El silencio otra vez
por Emmanuel Franco
Casi siempre suceden las mismas cosas, casi siempre es lo mismo y esta vez no sería excepción. Son las cinco de la tarde y más o menos conoces el ritual. Es el momento en el que todos creen ser un poco más libres, a tus compañeros se los llevan padres y madres de diferentes tamaños y colores, alguno te mira y cree que sos un angelito negro sentado en la puerta de la escuela. Pensás que los adultos pueden ser una masa extraña de aburrimiento y preocupaciones, todos suben con sus hijos las escaleras que dan al puente que los lleva del otro lado del río, esa es la única manera de irse a pie del colegio y es la más divertida. Te gusta imaginar que algún día el puente se va a partir en dos y juntos van a caer en el agua sucia.

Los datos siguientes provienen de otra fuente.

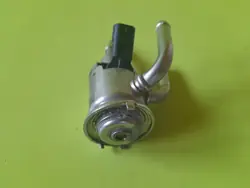 AdBlue-injector OEM A0004905300 voor Mercedes Sprinter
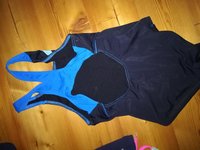IMG_20170515_213052.jpg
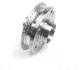 Маточина колеса AUDI A3, SEAT TOLEDO II, VW BORA, GOLF IV 96-10 перед. міст MEYLE 100 407 6007 (фото 3)
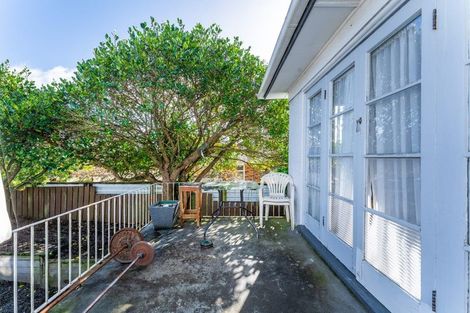 Photo of property in 1/27 Prictor Street, Papakura, 2110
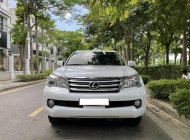 Lexus GX 460 2013 - Nhập khẩu giá tốt giá 2 tỷ 330 tr tại Hà Nội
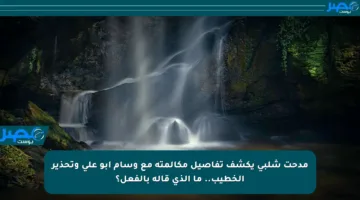 مدحت شلبي يكشف تفاصيل مكالمته مع وسام أبو علي وتحذير الخطيب.. ما الذي قاله بالفعل؟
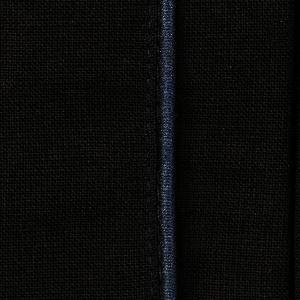 Bleu Marine (5704)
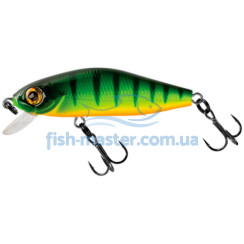 Воблер Usami Shirasu 48SP-SR 3,4г, 554, 0,5м
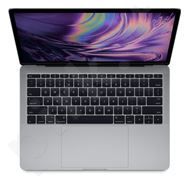 MACBOOK PRO TB 15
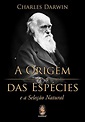 A Origem Das Especies. E A Selecao Natural PDF Charles Darwin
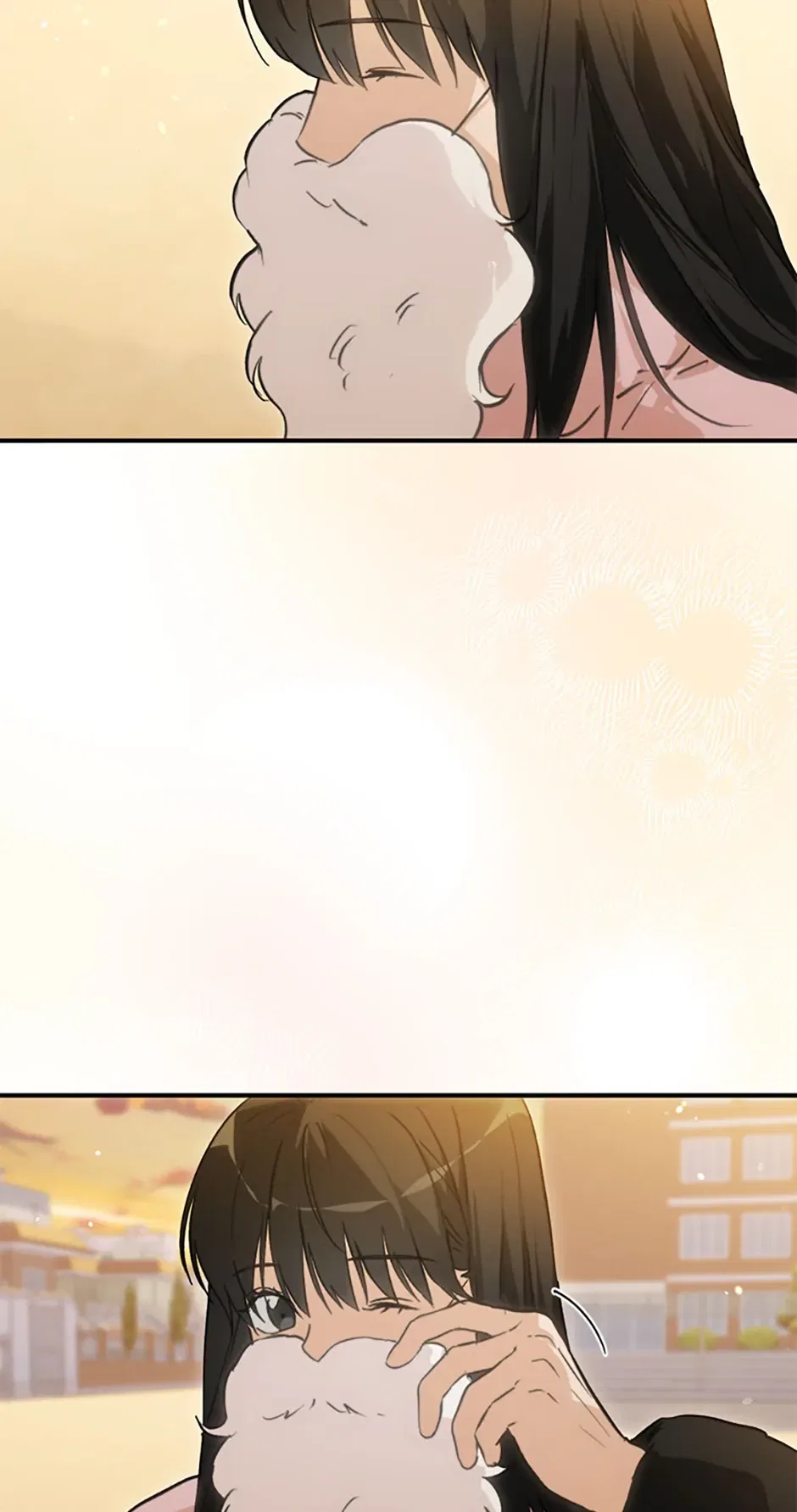 Lovely Runner Chapter 77 – Page 5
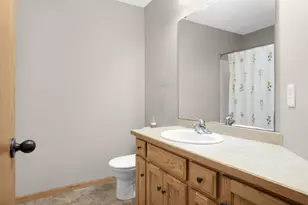 7256 Kahler Cir NE, Otsego, MN 55301 - Photo 20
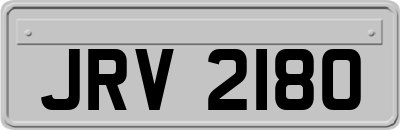 JRV2180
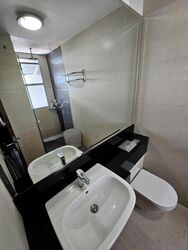 Centra Heights (D14), Apartment #587773211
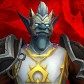 Nuhso avatar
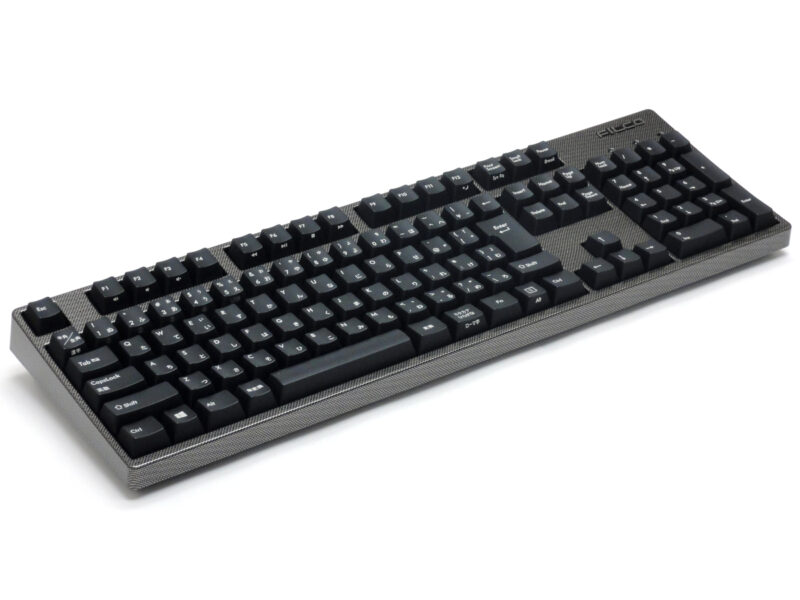 FILCO Majestouch 3 KOBO Edition - Image 21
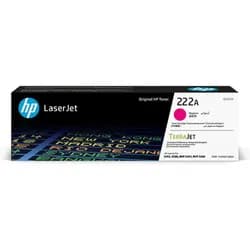 HP Tonerpatrone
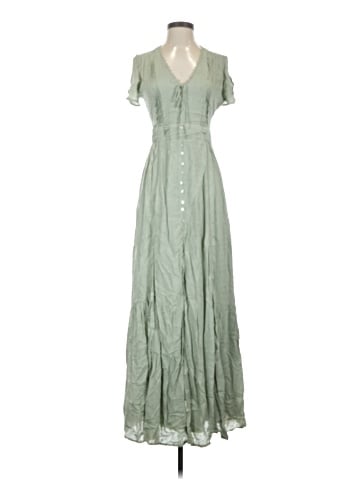 Lulus Casual Dress (view 1)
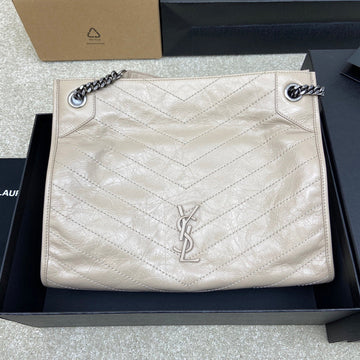 Makersluxe Bags - SLY Bags - 032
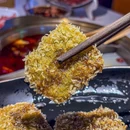 玉林串串香·自助串串(崇文门搜秀店) - 北京市旅游 缩略图 7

Existe en el Río de la Plata, en el Parque de la Memoria, una escultura de acero inoxidable pulida como un espejo, se encuentra flotando de espaldas a quien pudieran estar observándola. Su nombre es Reconstrucción del retrato de Pablo Míguez, pensada por la artista Claudia Fontes. Es una figura humana que juega con las distancias corporales y las cercanías mentales, una invocación, entre una ola de agua que viene del pasado y otra que se mezcla con el presente. Esa lejanía, transformada en niebla plateada, es un acto de nostalgia compartida. Es un retrato subjetivo de Pablo Míguez, un niño de 14 años que fue secuestrado y torturado durante la dictadura militar de los años 70. Los pocos datos recopilados por familiares indican que fue asesinado un miércoles de septiembre en 1977 bajo uno de los tantos “vuelos de la muerte”. Un niño siendo empujado a las aguas sepias del río es el último retazo de la historia de Pablo Míguez.

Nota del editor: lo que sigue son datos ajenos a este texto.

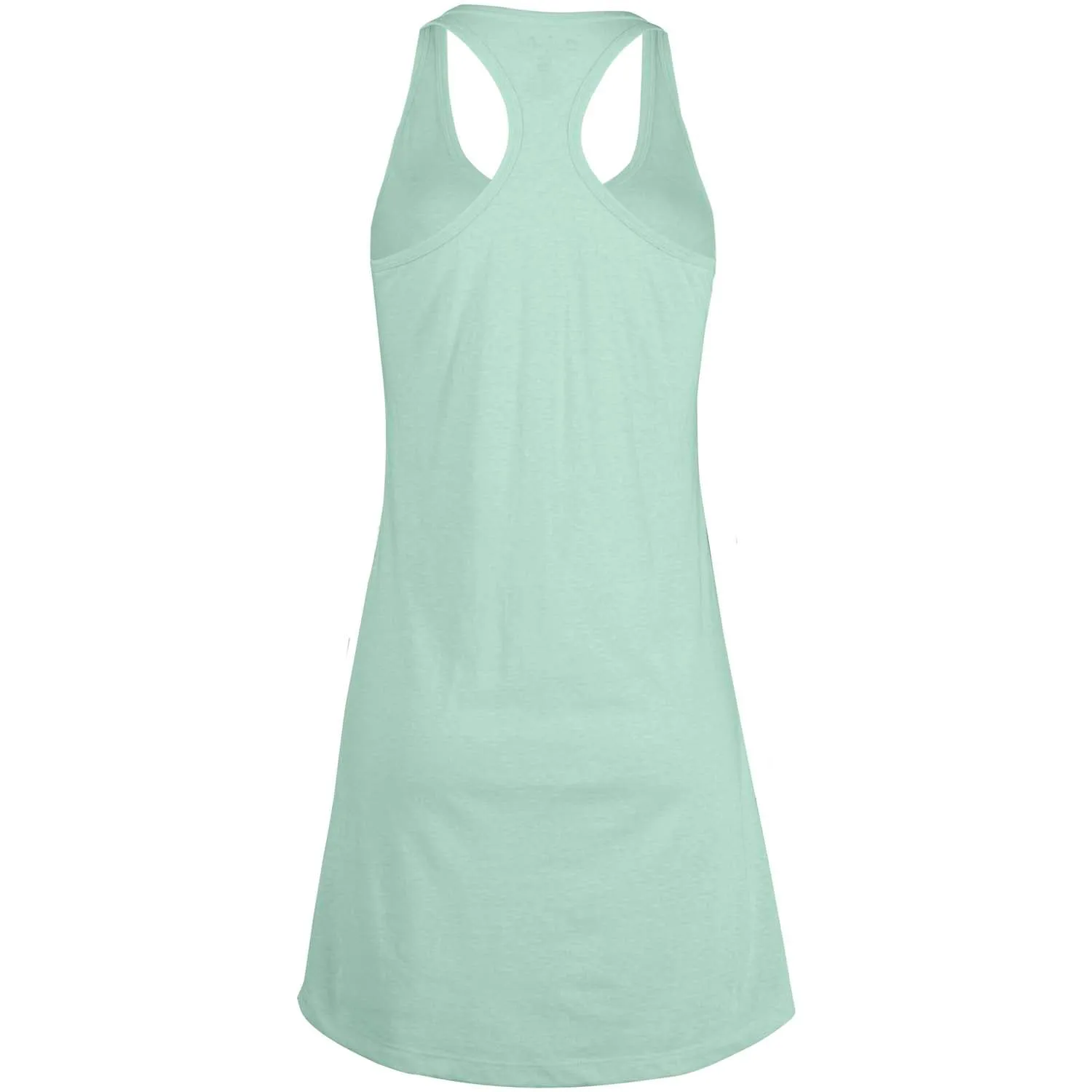 Women's Let's Get Salty Tank Top sold by Salt Life product image thumbnail 2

Entre la tormenta de dudas que habitaron la cabeza de Claudia Fontes al momento de encarar el proyecto, enmarcado en el “Concurso internacional de Esculturas” en 1999, una pareciera que hizo más ruido que otras: ¿cómo enlazar el punto de vista personal con un evento de carácter histórico? Para esto Fontes trabajó con fotografías provistas por la familia, entabló un poderoso diálogo con su padre, Juan Carlos Míguez y el Equipo Argentino de Antropología Forense.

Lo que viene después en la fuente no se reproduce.